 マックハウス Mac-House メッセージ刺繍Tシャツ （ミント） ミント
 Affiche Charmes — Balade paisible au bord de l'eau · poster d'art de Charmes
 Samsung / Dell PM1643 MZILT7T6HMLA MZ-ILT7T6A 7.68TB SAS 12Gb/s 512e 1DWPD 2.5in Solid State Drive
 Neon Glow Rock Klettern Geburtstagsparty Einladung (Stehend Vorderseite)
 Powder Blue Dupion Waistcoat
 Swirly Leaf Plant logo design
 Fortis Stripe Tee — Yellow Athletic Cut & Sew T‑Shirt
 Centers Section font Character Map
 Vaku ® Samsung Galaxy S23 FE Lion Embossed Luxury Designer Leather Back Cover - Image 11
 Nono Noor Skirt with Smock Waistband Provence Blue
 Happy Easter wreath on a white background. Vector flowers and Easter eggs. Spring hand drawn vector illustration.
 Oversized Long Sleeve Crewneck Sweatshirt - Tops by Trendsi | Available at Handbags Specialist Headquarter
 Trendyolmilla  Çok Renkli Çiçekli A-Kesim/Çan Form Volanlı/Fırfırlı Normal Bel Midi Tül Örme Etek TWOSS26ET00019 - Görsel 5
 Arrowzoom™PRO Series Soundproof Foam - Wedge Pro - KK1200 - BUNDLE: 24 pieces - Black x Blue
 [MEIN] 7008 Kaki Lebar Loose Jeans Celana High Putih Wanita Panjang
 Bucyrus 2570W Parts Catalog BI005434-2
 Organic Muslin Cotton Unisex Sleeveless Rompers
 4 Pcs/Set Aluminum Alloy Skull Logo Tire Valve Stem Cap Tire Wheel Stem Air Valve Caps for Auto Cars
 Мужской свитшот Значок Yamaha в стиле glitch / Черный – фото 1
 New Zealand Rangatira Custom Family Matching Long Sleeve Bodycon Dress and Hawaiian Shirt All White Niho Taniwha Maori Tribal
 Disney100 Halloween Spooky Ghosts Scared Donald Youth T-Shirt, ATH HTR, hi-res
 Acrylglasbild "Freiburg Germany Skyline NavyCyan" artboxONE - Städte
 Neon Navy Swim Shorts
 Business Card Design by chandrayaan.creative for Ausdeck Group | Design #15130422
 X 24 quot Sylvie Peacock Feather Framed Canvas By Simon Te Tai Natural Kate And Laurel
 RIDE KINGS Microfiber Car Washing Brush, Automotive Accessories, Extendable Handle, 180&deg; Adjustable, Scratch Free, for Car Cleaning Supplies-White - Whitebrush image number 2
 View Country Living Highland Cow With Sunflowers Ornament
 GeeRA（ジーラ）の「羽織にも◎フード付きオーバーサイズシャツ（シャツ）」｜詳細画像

■ ■ ■ ■ ■

Task item: A single number is the answer: how many lines in the records above contain the word "Samsung".

Result for this task: 2